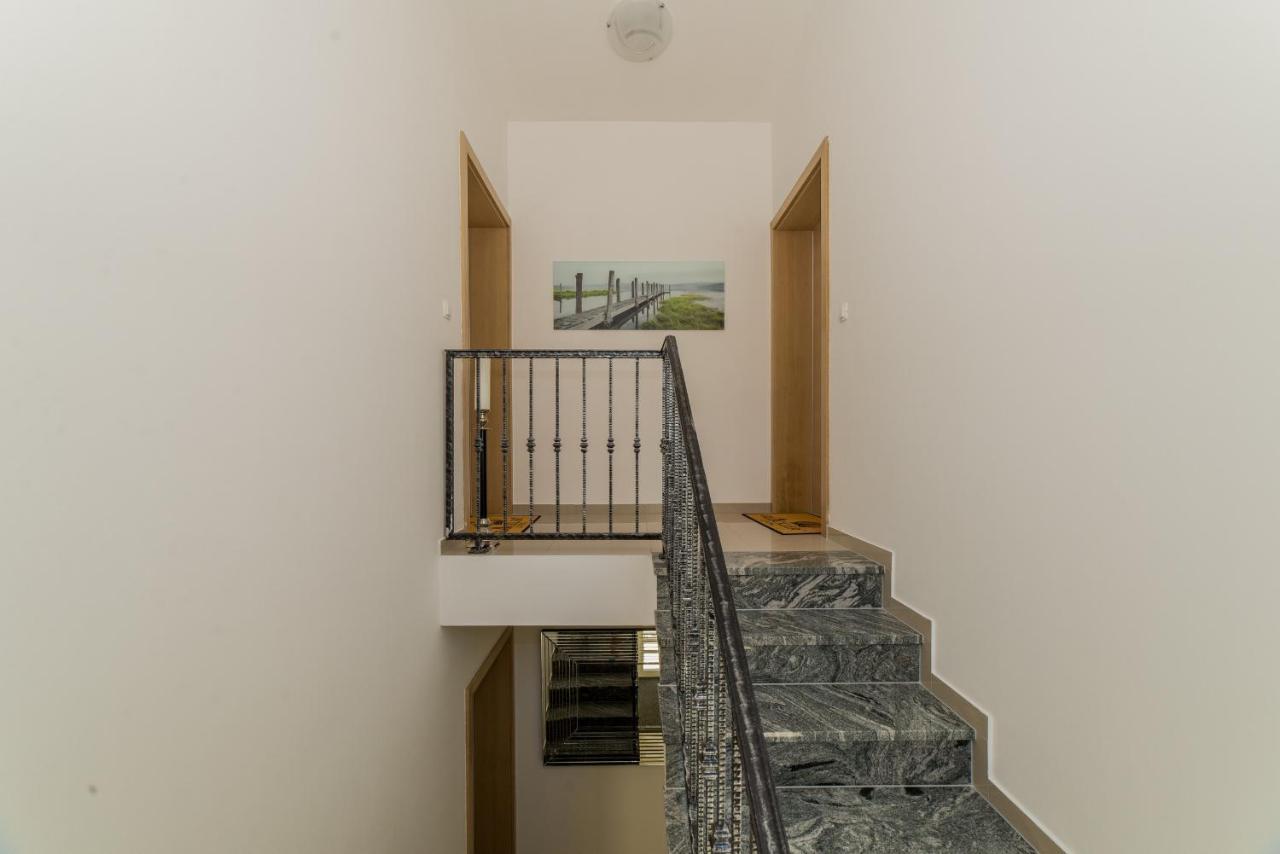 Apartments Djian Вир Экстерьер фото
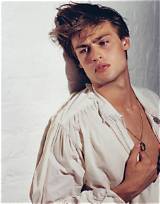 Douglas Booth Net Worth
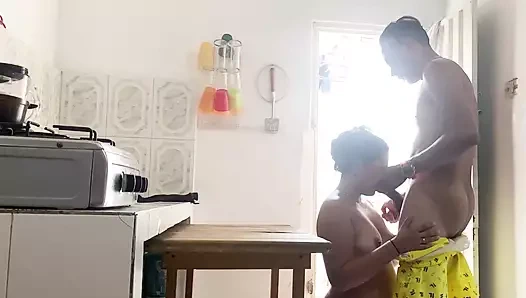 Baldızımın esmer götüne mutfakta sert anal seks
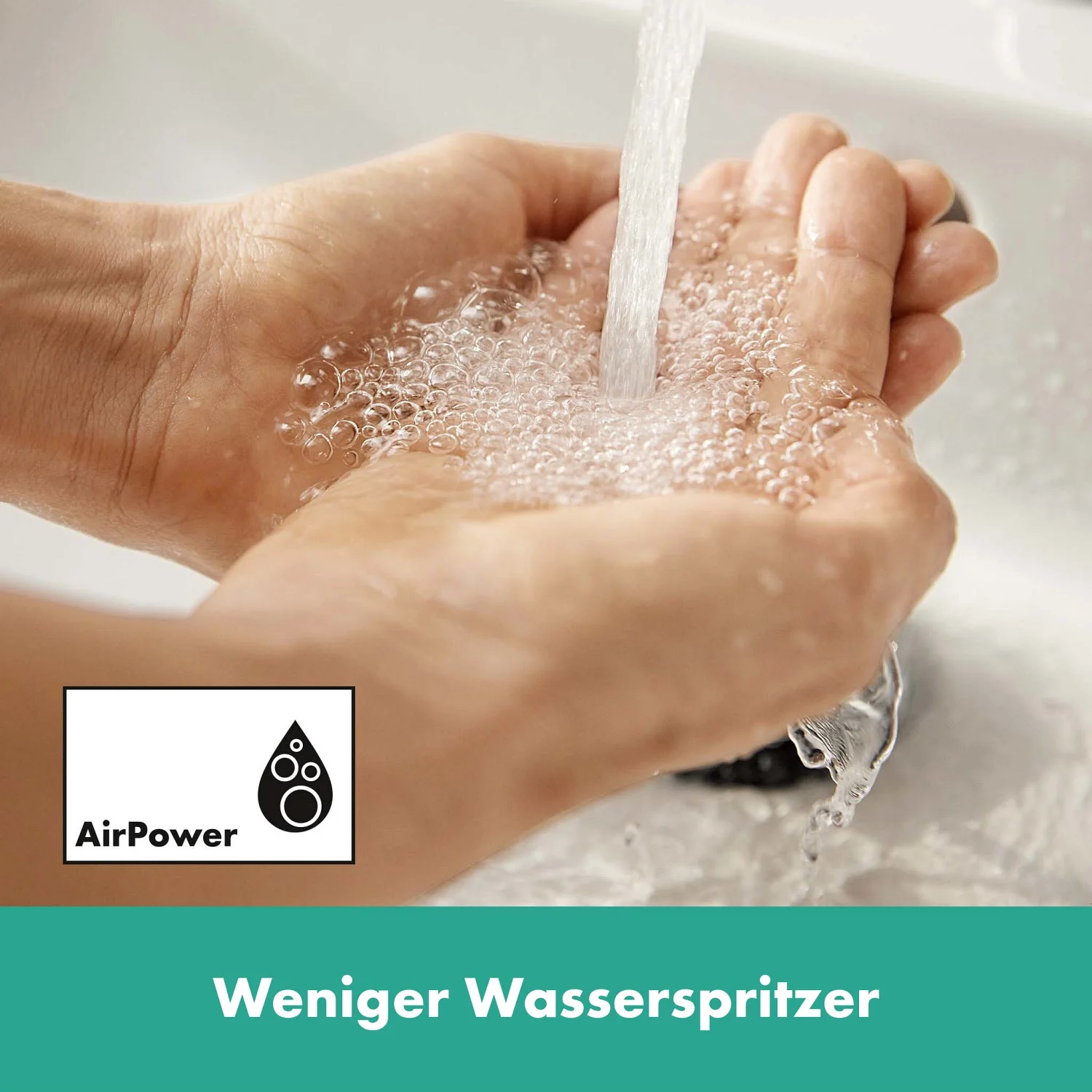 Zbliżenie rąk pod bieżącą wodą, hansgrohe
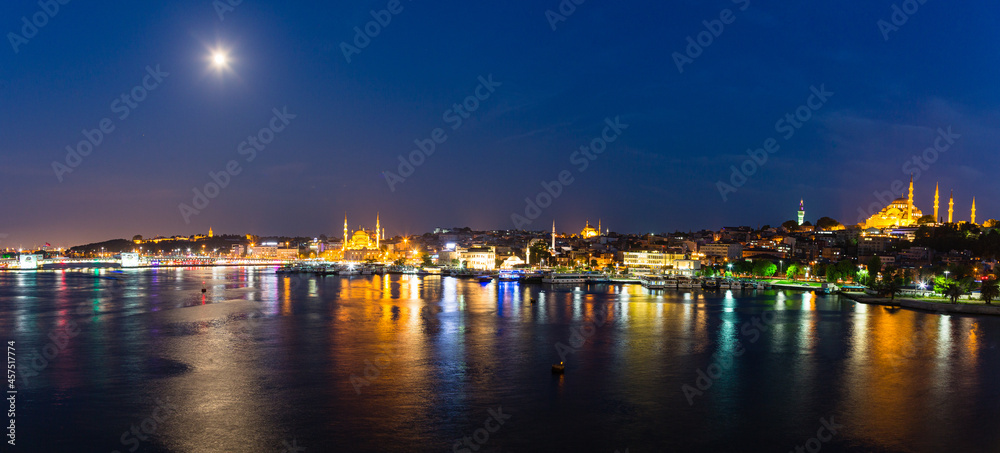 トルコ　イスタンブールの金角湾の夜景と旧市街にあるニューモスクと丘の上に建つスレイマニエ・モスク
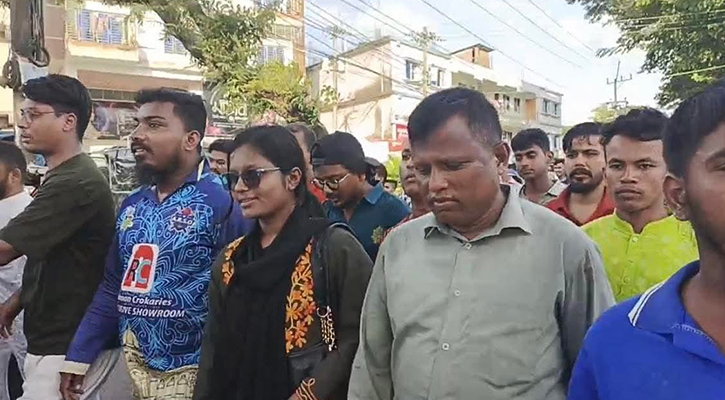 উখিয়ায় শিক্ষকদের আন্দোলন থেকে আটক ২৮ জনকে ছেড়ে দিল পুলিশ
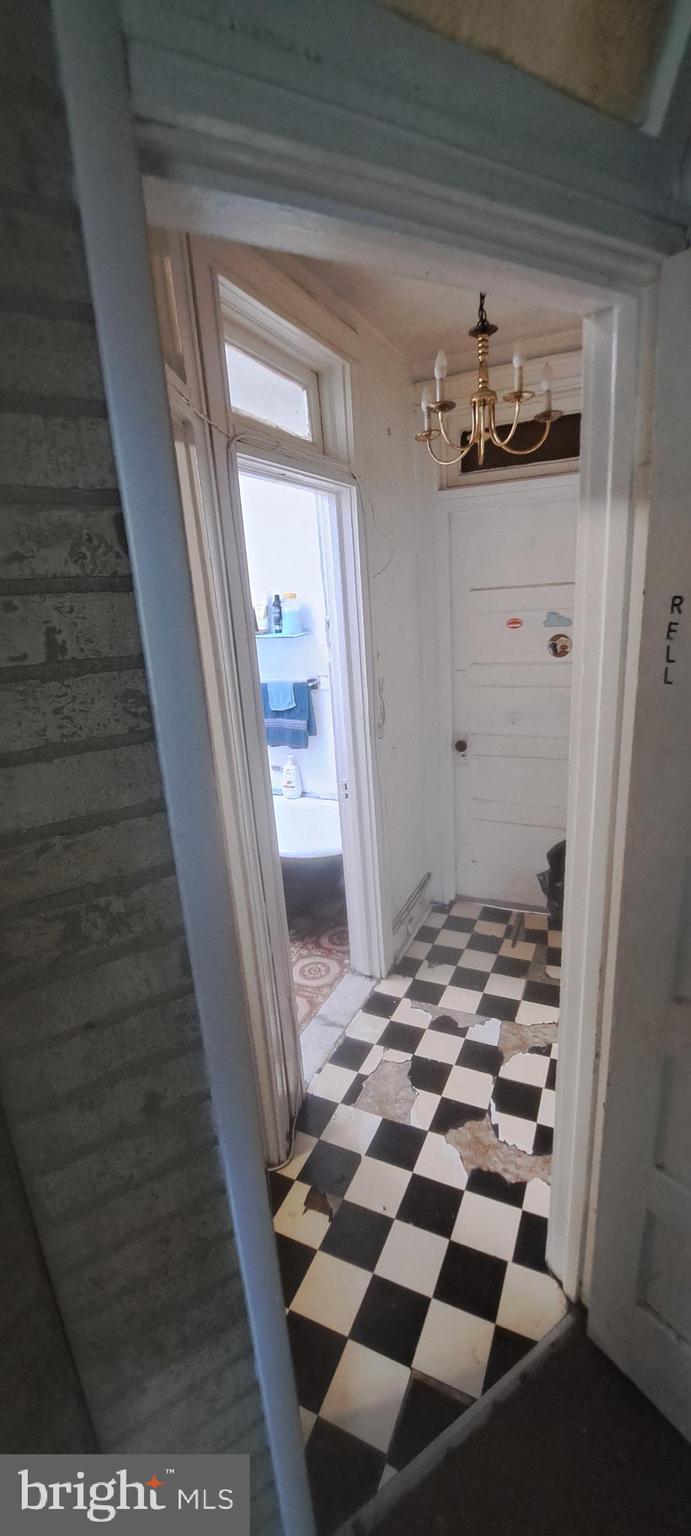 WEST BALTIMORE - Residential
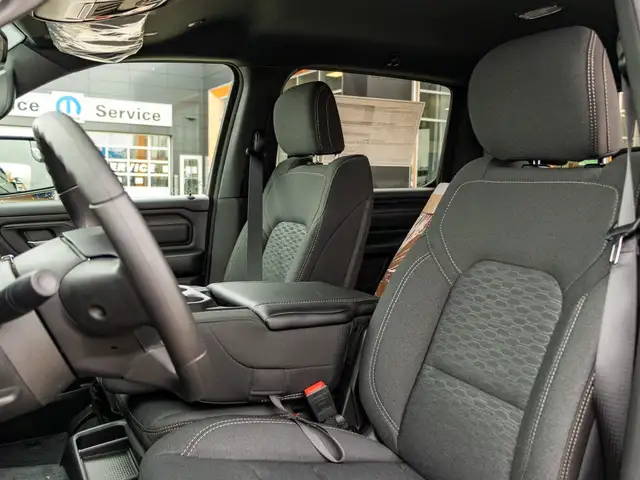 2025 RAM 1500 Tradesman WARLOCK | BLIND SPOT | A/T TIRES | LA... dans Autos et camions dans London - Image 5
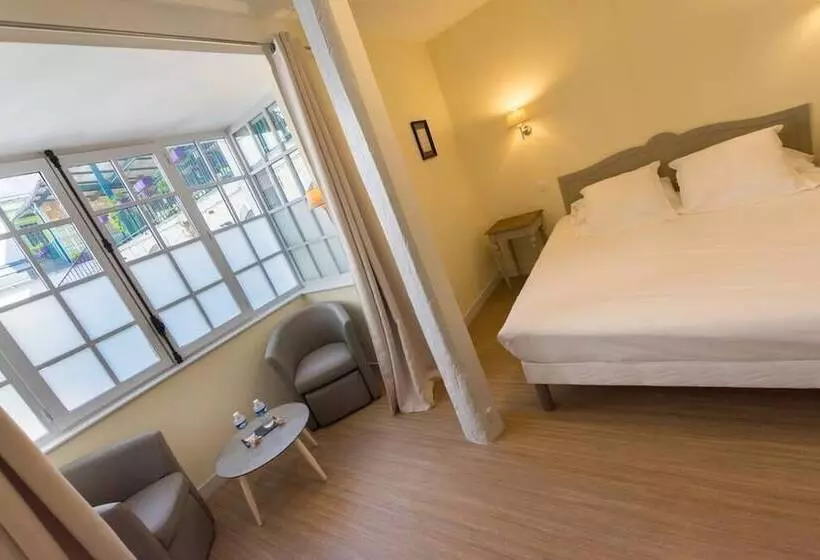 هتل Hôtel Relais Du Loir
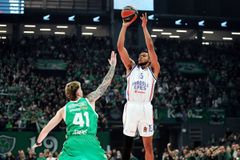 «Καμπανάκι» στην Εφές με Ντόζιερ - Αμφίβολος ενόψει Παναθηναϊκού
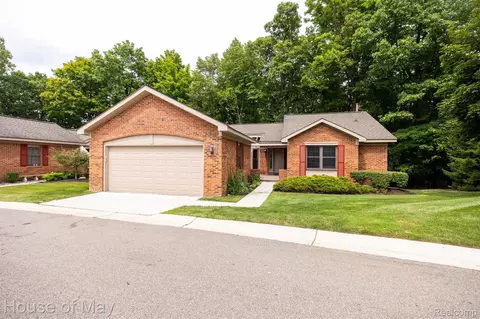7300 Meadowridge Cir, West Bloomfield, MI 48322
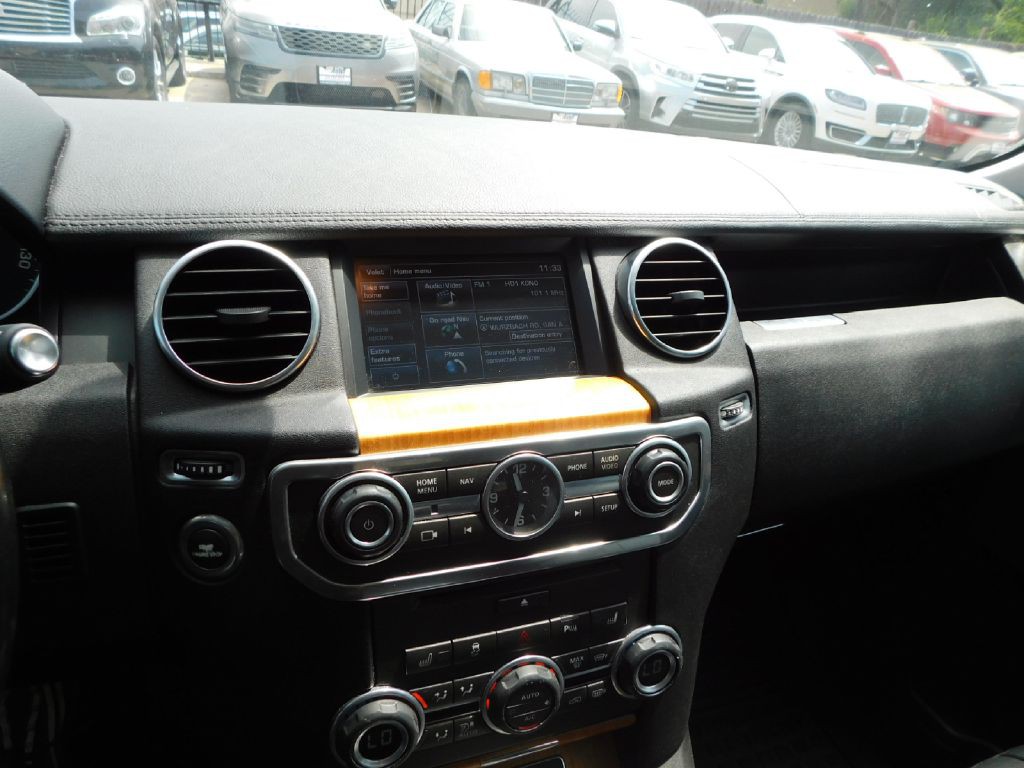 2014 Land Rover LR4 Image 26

What needs to be done
With the pictures left out, copy exactly the lines from the one containing "Αμφίβολος ενόψει Παναθηναϊκού" through the final line of the records above, both included.

Answer area
 «Καμπανάκι» στην Εφές με Ντόζιερ - Αμφίβολος ενόψει Παναθηναϊκού
7300 Meadowridge Cir, West Bloomfield, MI 48322
 2014 Land Rover LR4 Image 26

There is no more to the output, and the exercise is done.